Transcribe every line from the one containing "Angola 1184 Souvenir Sheet MNH VF" to the end of the listing, exactly as written, and leave out the pictures.

## Collected material

[Start of Attachment]

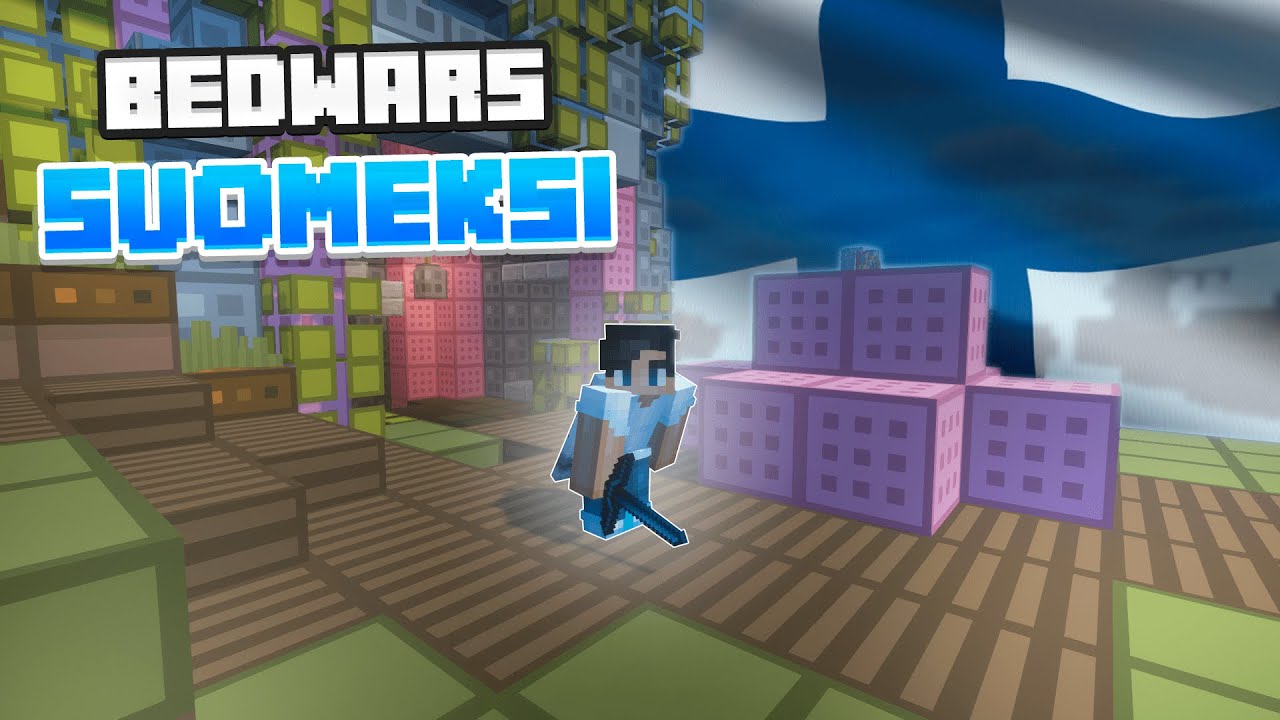 Bedwars, MUTTA Kaikki On SUOMEKSI?!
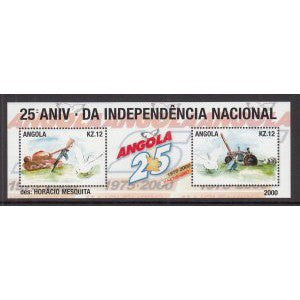 Angola 1184 Souvenir Sheet MNH VF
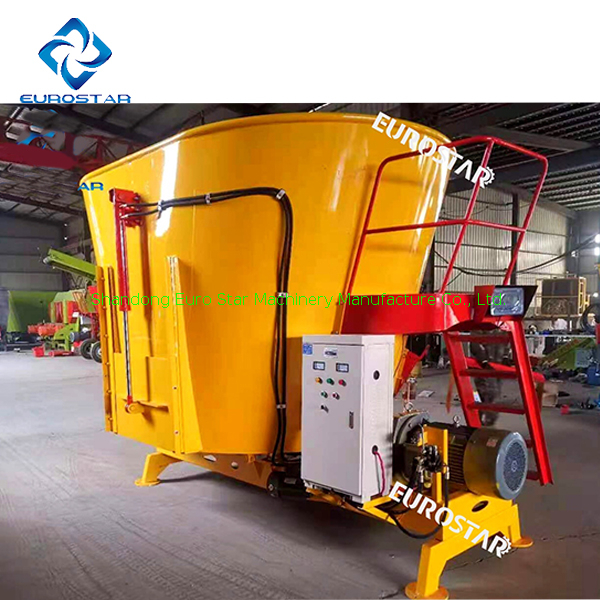 Dairy Farm Tmr Feed Mixer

[End of Attachment]

## Task solution
 Angola 1184 Souvenir Sheet MNH VF
 Dairy Farm Tmr Feed Mixer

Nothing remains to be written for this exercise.